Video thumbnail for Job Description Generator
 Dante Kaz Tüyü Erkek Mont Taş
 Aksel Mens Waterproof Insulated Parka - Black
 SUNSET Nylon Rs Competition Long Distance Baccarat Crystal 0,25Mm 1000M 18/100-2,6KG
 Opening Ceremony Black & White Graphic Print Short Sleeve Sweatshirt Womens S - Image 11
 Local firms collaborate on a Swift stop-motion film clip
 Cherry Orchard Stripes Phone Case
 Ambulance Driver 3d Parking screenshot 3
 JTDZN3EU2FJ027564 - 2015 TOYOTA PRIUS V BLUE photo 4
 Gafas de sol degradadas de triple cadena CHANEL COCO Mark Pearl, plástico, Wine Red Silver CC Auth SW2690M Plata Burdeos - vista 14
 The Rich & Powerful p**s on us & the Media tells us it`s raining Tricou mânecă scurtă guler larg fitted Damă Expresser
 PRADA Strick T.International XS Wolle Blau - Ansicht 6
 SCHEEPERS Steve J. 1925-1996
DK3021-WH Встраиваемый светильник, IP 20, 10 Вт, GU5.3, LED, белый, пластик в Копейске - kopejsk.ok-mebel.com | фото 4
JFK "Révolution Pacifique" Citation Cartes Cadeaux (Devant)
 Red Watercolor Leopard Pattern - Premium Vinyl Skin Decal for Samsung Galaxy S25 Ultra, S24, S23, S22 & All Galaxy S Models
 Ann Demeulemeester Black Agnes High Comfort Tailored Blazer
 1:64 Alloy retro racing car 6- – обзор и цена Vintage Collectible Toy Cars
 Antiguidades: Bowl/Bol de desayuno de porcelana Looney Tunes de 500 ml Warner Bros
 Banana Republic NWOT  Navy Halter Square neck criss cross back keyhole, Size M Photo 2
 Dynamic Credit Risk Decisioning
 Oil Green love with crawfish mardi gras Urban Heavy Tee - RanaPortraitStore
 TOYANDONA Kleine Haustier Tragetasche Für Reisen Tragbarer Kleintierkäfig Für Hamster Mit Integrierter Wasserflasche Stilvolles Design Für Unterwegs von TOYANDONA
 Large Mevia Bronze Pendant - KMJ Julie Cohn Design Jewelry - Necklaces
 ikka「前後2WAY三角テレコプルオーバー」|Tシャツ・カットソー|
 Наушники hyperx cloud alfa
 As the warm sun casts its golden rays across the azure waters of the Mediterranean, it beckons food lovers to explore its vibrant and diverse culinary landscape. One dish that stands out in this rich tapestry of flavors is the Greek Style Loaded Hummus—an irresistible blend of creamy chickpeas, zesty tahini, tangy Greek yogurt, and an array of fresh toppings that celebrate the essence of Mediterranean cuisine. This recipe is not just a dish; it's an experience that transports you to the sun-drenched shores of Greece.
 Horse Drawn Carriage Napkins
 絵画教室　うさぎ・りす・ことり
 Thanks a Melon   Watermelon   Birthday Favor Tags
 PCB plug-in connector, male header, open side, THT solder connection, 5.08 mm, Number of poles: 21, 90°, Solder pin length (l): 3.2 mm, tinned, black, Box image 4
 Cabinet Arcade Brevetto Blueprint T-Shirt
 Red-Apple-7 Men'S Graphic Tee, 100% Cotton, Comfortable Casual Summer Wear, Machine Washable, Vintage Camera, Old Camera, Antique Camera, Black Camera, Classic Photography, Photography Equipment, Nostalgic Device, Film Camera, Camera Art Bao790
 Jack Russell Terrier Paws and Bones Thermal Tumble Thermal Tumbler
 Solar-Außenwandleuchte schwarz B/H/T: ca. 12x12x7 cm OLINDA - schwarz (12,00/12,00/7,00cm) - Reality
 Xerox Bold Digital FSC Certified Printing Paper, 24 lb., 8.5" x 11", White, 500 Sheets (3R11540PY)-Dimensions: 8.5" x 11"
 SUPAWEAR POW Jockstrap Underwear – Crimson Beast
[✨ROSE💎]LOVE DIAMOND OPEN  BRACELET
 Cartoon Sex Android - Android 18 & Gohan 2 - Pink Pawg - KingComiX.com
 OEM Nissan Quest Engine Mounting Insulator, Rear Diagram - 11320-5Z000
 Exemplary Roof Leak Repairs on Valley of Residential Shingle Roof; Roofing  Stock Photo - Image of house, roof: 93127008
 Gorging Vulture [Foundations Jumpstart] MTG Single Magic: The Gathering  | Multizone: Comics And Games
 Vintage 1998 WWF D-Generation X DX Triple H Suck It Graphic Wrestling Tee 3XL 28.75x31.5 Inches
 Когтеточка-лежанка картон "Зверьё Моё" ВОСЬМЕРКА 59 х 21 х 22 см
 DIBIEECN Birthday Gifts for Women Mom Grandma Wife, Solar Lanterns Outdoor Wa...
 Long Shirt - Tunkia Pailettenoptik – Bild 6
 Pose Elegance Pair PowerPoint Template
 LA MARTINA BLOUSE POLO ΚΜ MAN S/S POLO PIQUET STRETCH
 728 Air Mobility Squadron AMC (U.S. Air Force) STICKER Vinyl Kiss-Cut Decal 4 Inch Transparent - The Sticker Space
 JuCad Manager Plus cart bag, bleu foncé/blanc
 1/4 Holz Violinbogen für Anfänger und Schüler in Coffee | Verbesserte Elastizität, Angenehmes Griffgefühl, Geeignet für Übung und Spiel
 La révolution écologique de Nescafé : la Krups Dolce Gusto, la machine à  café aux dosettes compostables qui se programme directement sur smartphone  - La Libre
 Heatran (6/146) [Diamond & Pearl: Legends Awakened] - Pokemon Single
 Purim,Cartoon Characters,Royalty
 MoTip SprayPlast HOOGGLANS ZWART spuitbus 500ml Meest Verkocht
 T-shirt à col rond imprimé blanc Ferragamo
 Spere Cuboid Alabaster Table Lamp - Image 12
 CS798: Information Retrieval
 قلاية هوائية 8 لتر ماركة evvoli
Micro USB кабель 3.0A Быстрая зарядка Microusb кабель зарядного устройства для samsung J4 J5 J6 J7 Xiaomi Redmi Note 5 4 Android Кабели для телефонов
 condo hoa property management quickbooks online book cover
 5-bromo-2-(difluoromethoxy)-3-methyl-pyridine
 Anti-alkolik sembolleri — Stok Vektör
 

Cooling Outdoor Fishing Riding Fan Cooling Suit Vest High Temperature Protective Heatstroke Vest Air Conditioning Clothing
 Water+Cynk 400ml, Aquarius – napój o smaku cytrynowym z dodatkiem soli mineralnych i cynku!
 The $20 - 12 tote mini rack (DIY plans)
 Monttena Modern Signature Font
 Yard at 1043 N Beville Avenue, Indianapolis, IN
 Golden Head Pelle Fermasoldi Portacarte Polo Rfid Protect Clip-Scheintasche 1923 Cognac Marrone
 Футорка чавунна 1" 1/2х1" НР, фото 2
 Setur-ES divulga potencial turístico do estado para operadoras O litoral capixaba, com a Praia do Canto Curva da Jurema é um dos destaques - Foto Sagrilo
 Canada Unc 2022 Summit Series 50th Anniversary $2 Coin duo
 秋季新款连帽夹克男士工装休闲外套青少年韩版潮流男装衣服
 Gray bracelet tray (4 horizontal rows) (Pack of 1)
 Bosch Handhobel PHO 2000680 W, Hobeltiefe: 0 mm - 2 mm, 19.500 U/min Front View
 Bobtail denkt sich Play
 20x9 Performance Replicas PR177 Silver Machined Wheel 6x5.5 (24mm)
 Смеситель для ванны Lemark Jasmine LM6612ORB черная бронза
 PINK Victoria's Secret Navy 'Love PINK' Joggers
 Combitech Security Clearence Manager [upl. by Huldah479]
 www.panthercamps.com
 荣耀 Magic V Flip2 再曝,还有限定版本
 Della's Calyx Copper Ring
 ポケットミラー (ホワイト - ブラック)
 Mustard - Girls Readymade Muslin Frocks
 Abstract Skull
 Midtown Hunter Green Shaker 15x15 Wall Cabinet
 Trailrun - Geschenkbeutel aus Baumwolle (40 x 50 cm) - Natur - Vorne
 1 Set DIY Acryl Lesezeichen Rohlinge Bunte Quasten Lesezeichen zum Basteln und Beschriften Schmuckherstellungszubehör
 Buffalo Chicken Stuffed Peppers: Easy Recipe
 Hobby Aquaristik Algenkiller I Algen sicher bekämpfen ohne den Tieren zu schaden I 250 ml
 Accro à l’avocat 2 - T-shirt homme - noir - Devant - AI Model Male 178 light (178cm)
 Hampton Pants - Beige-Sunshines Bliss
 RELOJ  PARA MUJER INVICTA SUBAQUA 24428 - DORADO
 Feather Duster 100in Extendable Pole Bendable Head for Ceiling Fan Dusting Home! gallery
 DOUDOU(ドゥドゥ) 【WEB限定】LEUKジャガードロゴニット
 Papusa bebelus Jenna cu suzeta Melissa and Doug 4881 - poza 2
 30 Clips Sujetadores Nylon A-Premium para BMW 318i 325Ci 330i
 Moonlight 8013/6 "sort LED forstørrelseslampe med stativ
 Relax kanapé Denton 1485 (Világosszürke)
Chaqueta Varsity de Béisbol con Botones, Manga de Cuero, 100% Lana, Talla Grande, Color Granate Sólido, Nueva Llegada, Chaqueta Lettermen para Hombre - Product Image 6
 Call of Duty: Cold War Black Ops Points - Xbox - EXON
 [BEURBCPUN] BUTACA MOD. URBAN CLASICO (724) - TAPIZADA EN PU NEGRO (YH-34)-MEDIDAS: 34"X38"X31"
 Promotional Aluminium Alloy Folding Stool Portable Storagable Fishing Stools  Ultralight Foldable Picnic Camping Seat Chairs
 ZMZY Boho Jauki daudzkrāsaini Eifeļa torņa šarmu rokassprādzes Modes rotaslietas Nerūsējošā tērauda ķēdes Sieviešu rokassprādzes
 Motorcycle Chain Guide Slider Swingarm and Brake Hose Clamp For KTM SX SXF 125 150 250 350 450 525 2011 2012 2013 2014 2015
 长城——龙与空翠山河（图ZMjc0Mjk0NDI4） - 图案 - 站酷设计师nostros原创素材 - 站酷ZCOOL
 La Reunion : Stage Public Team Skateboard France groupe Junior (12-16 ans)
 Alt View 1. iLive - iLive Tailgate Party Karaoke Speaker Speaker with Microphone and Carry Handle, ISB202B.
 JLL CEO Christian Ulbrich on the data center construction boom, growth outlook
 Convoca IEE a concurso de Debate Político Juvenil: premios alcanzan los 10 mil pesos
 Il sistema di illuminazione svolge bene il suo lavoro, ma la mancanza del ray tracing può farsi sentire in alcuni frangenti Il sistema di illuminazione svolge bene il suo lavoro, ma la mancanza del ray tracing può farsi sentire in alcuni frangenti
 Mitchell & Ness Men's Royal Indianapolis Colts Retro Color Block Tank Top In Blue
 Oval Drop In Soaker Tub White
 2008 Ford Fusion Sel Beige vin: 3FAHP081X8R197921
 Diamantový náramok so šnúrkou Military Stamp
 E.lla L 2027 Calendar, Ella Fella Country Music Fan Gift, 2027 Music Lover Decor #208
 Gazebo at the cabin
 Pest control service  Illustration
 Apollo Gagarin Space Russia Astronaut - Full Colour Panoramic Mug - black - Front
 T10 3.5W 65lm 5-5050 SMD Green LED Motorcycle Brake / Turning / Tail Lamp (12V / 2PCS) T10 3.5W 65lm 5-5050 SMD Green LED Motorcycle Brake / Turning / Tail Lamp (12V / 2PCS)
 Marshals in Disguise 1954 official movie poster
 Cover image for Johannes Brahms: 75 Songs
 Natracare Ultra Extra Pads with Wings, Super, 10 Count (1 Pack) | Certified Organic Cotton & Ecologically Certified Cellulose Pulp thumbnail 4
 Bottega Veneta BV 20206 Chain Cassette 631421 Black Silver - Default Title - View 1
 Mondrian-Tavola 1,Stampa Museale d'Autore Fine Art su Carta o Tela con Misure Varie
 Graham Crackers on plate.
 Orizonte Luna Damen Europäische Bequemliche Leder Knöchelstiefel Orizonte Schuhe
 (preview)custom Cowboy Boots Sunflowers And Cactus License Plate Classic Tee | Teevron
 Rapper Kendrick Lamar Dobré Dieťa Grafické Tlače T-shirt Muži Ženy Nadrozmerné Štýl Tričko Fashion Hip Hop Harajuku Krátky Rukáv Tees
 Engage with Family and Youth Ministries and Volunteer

━━━━━━━━━━━━━━━━

AIM OF THE EXERCISE —
For this exercise, gather every line of the data that contains the word "Birthday".

ANSWER TO THIS EXERCISE —
 Thanks a Melon   Watermelon   Birthday Favor Tags
 DIBIEECN Birthday Gifts for Women Mom Grandma Wife, Solar Lanterns Outdoor Wa...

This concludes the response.